In the entries that follow, locate the line with "Elegant White Poncho", then restate that line and all later lines exactly as they appear, leaving pictures out.

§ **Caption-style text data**

+ + + + +

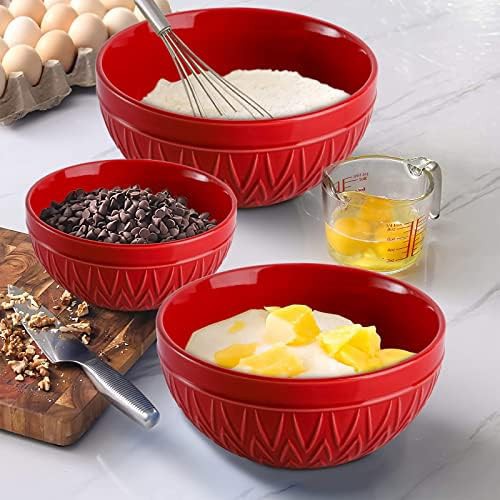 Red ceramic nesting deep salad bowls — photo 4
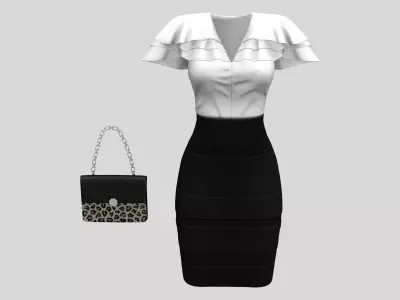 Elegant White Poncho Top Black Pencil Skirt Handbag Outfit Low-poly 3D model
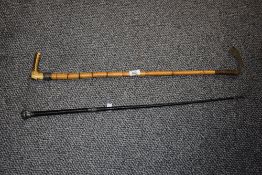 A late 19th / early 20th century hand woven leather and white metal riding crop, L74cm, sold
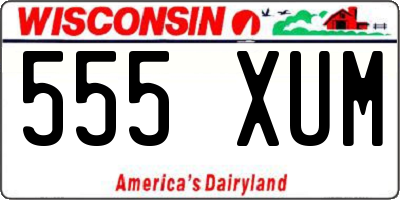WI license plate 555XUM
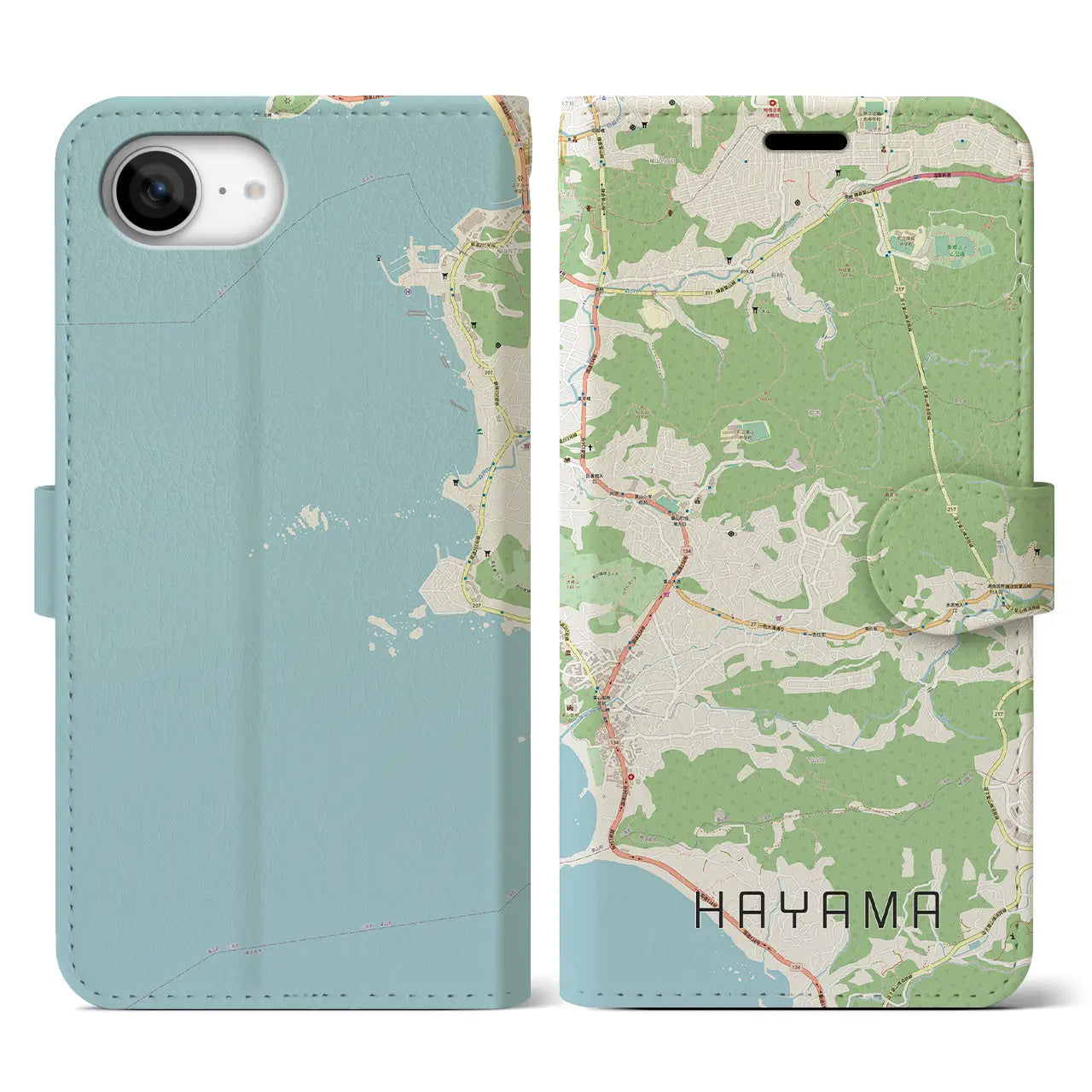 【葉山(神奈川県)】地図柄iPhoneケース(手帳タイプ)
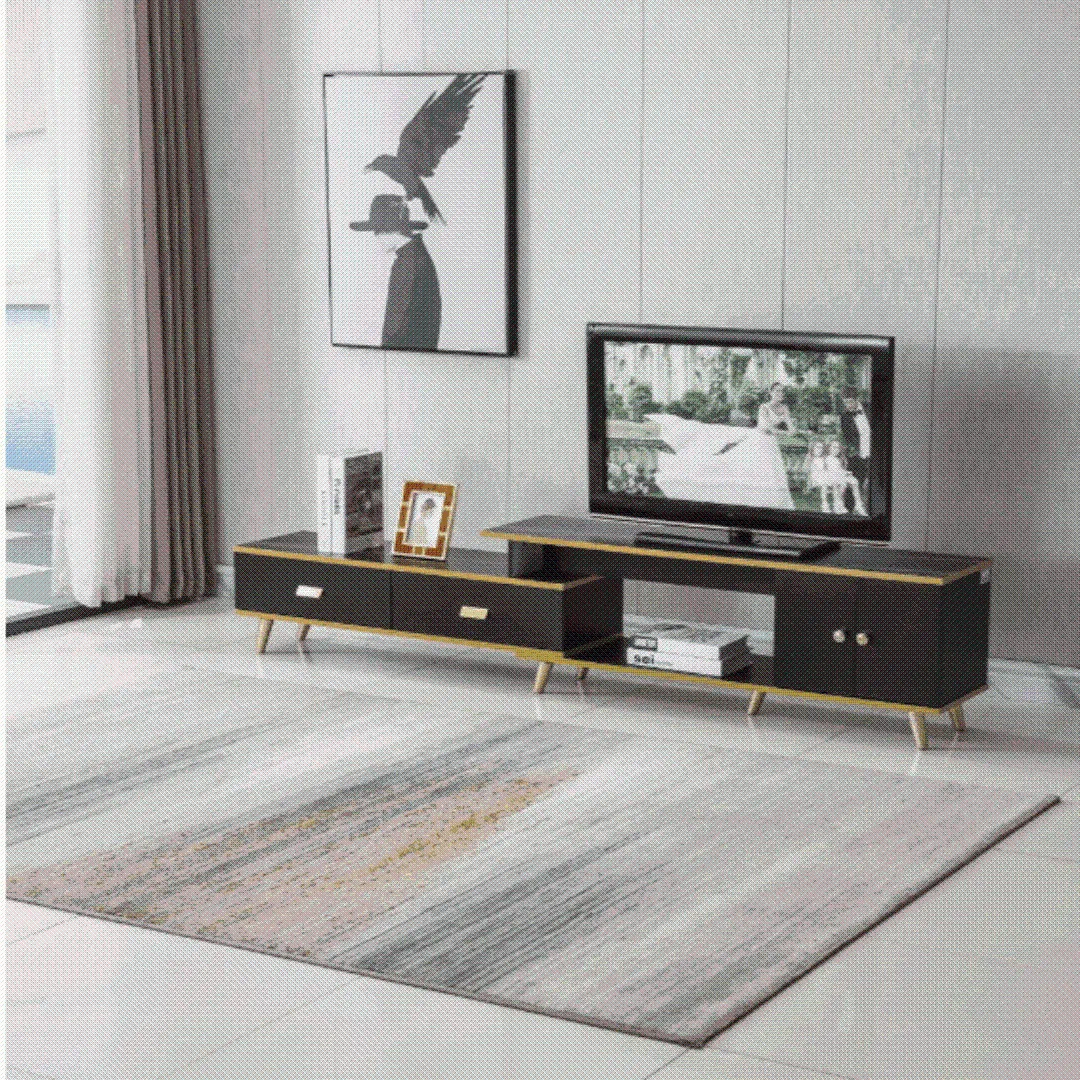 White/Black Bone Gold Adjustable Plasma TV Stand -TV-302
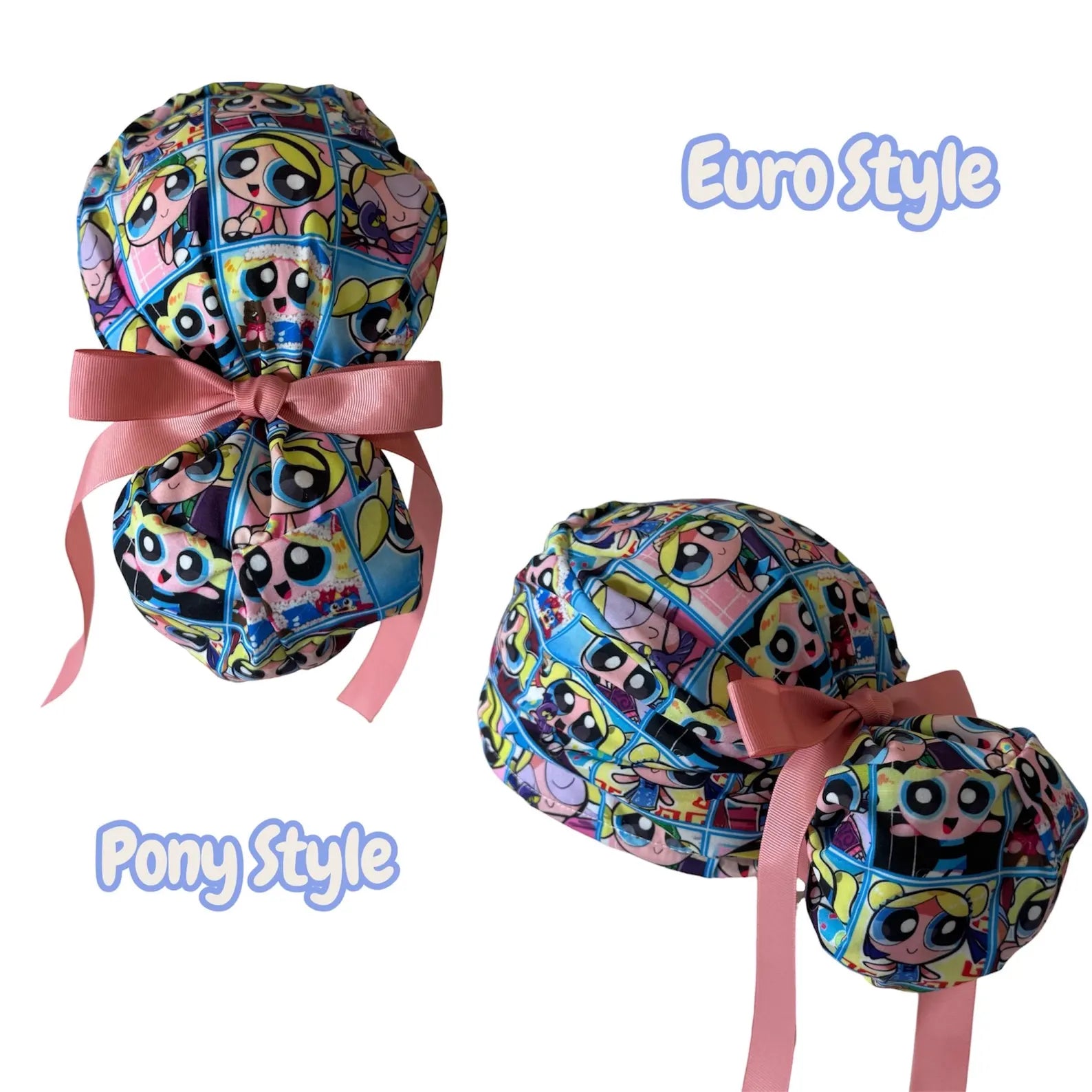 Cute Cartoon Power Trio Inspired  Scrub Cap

+ + + + +

§ **Answer box**
 Elegant White Poncho Top Black Pencil Skirt Handbag Outfit Low-poly 3D model
 A late 19th / early 20th century hand woven leather and white metal riding crop, L74cm, sold
WI license plate 555XUM
 【葉山(神奈川県)】地図柄iPhoneケース(手帳タイプ)
 White/Black Bone Gold Adjustable Plasma TV Stand -TV-302
 Cute Cartoon Power Trio Inspired  Scrub Cap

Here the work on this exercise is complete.